## Problem requirements
Required from the data below: the exact lines starting at the line containing "Swing Set Hangers" and ending at the line containing "Happy Birthday Flowers", with both ends kept and all pictures dropped.

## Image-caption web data
------------------------------------------------------------------------
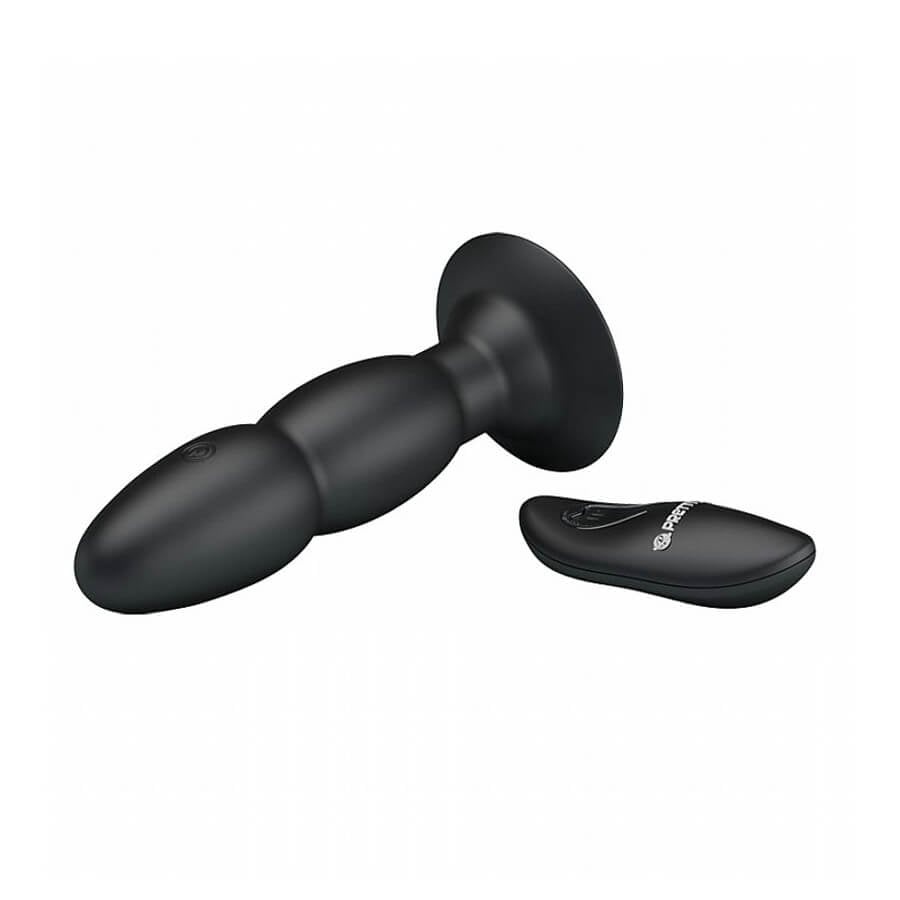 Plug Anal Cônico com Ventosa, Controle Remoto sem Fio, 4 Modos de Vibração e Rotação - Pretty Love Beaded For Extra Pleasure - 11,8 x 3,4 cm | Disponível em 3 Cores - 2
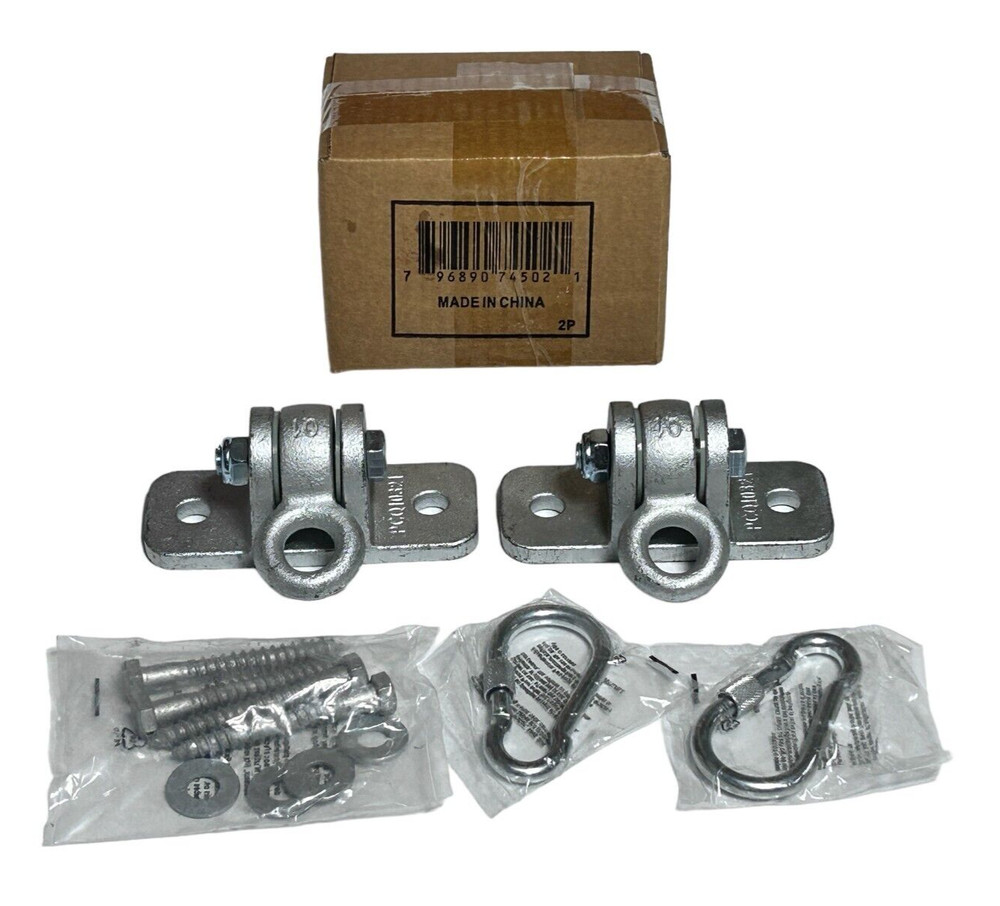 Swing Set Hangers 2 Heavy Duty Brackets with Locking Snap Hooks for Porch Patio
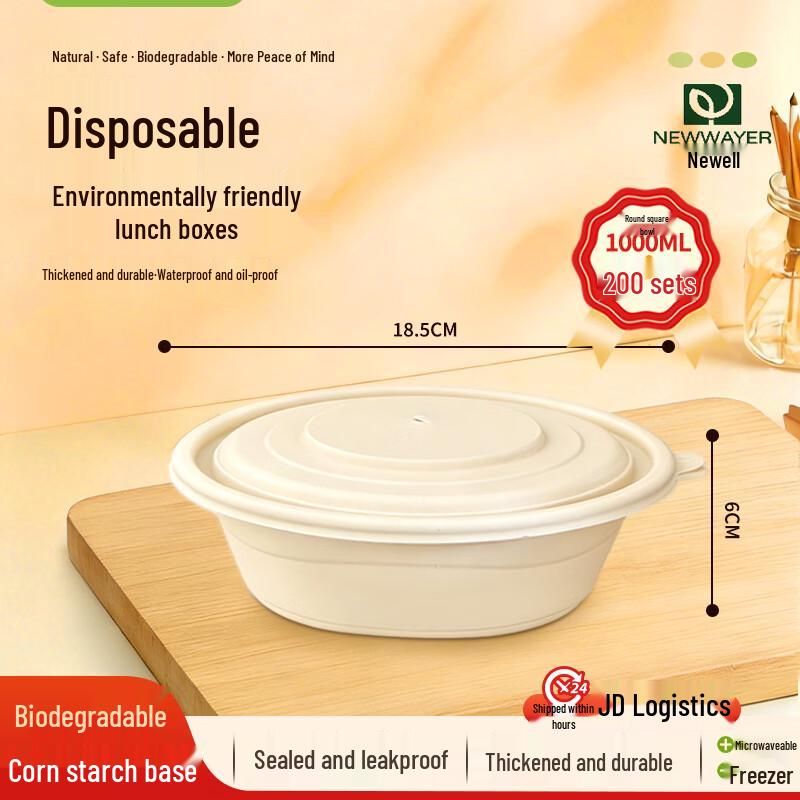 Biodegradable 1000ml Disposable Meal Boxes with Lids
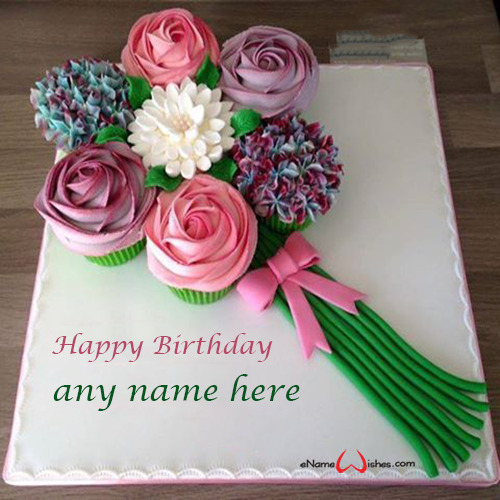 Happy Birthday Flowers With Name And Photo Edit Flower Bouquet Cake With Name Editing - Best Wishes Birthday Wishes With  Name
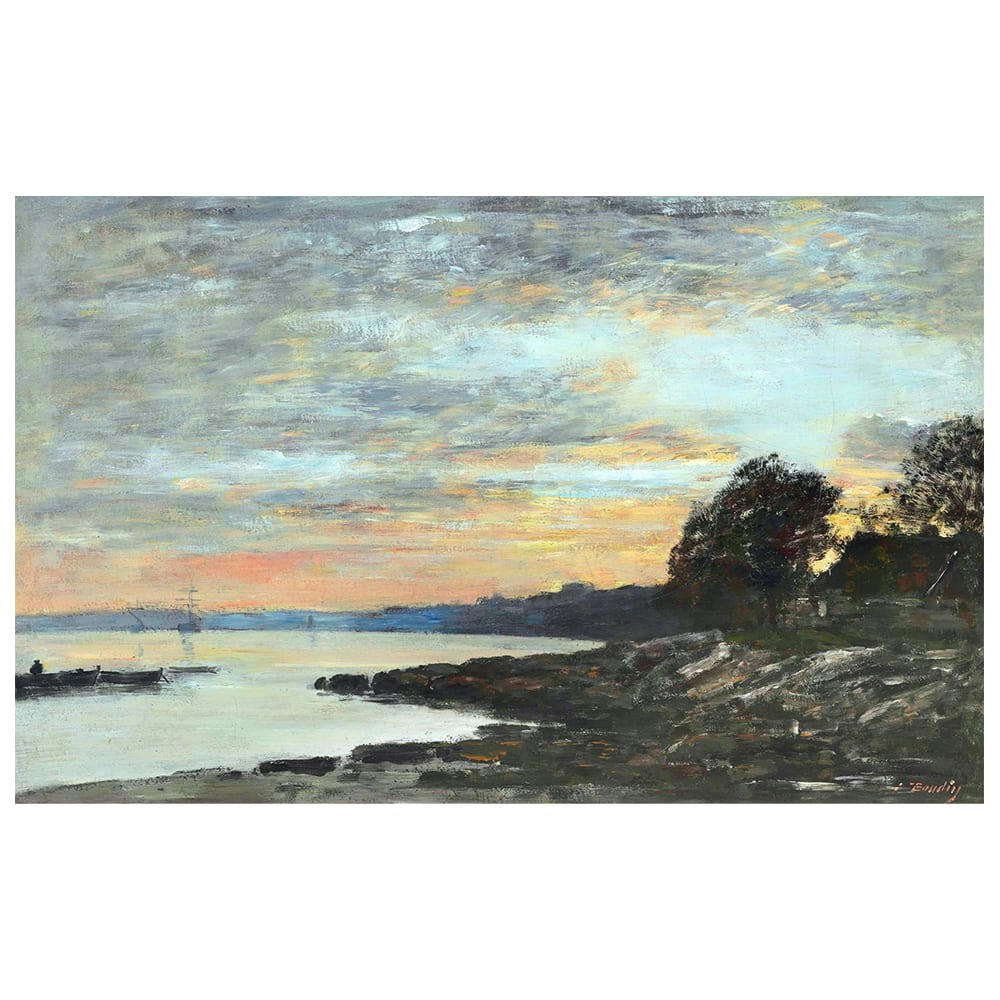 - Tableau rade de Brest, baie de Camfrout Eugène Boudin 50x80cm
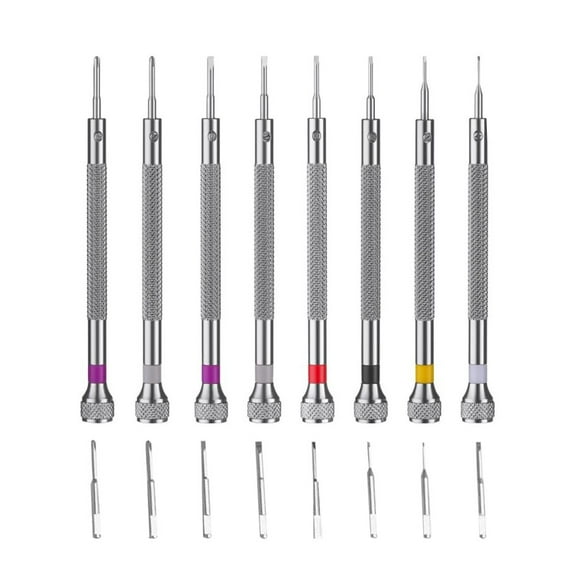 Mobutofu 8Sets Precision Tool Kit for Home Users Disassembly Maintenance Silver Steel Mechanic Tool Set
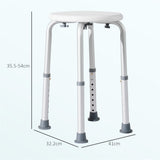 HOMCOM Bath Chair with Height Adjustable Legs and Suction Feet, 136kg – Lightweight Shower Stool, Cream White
------------------------------------------------------------------------
## Response
 Swing Set Hangers 2 Heavy Duty Brackets with Locking Snap Hooks for Porch Patio
 Biodegradable 1000ml Disposable Meal Boxes with Lids
 Happy Birthday Flowers With Name And Photo Edit Flower Bouquet Cake With Name Editing - Best Wishes Birthday Wishes With  Name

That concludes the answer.